● TO DO: Write the full listing out again, word for word, but omit the pictures.

=== INPUT DATA ===

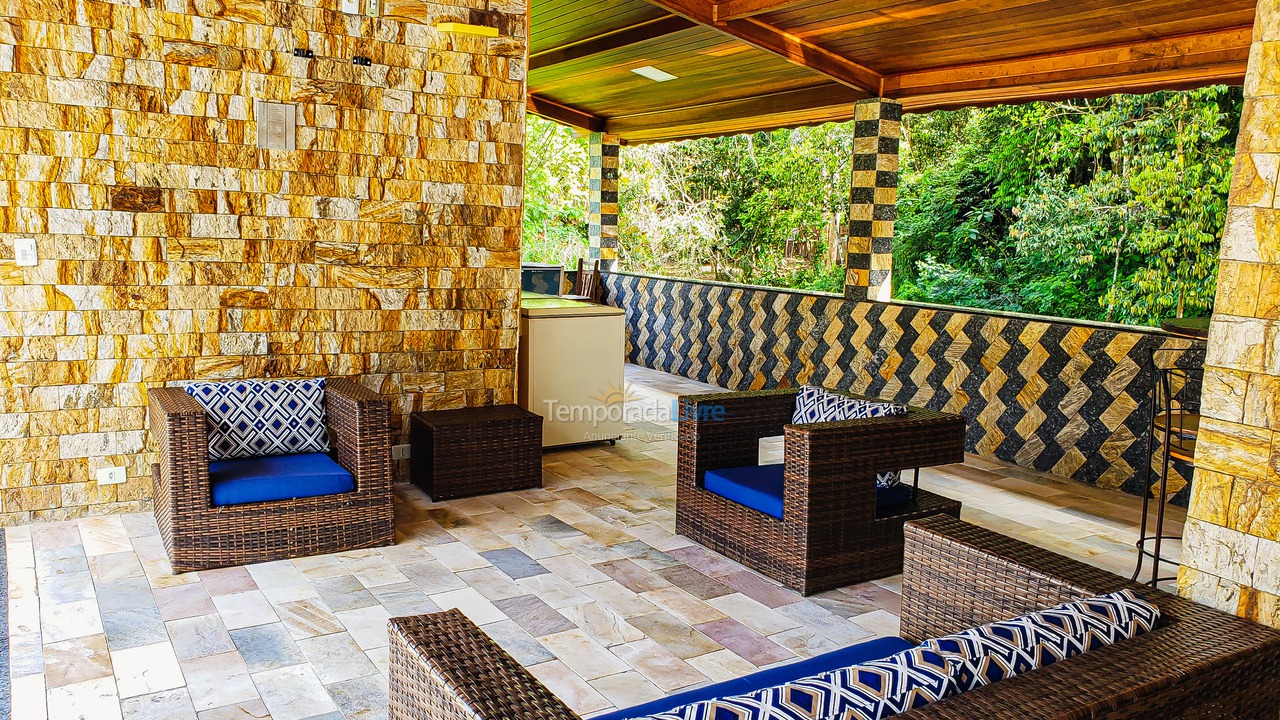 Chácara / sítio para aluguel de temporada em São Lourenço da Serra (Alto Padrão Piscina Adulto E Infantil 600 Mts da Rodovia I)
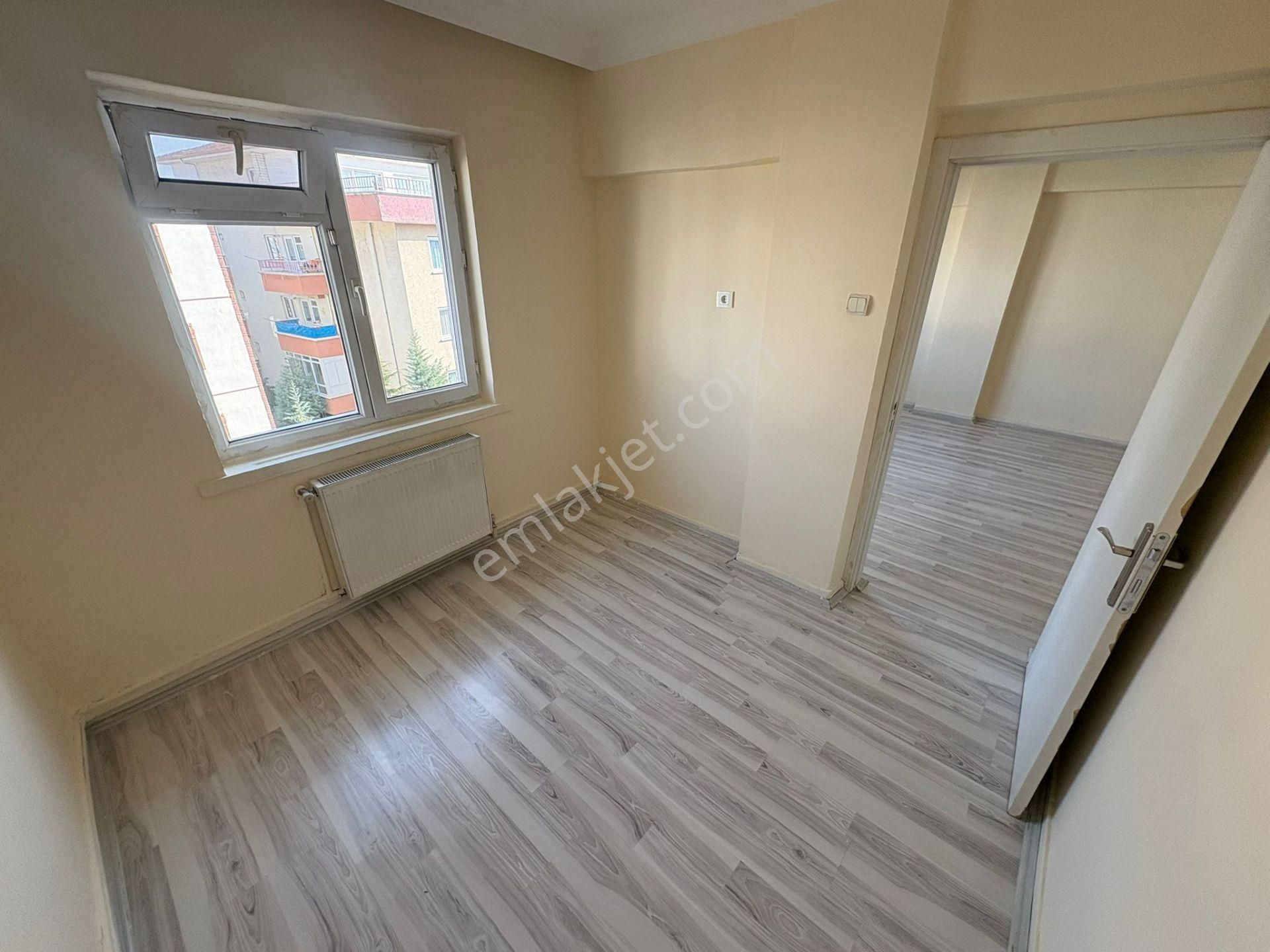 Mareşal Çakmak Mh 3+1 Katta Merkezin İçinde Fırsat Daire - Görsel 14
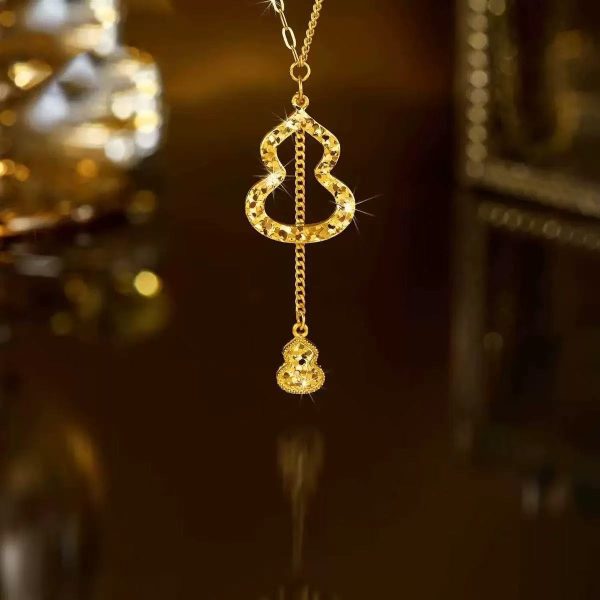 Crushed ice double-layer gourd necklace female niche design, light luxury, high-end golden color flashing exquisite clavicle chain woman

===

● RESULT BELOW:
 Chácara / sítio para aluguel de temporada em São Lourenço da Serra (Alto Padrão Piscina Adulto E Infantil 600 Mts da Rodovia I)
 Mareşal Çakmak Mh 3+1 Katta Merkezin İçinde Fırsat Daire - Görsel 14
 Crushed ice double-layer gourd necklace female niche design, light luxury, high-end golden color flashing exquisite clavicle chain woman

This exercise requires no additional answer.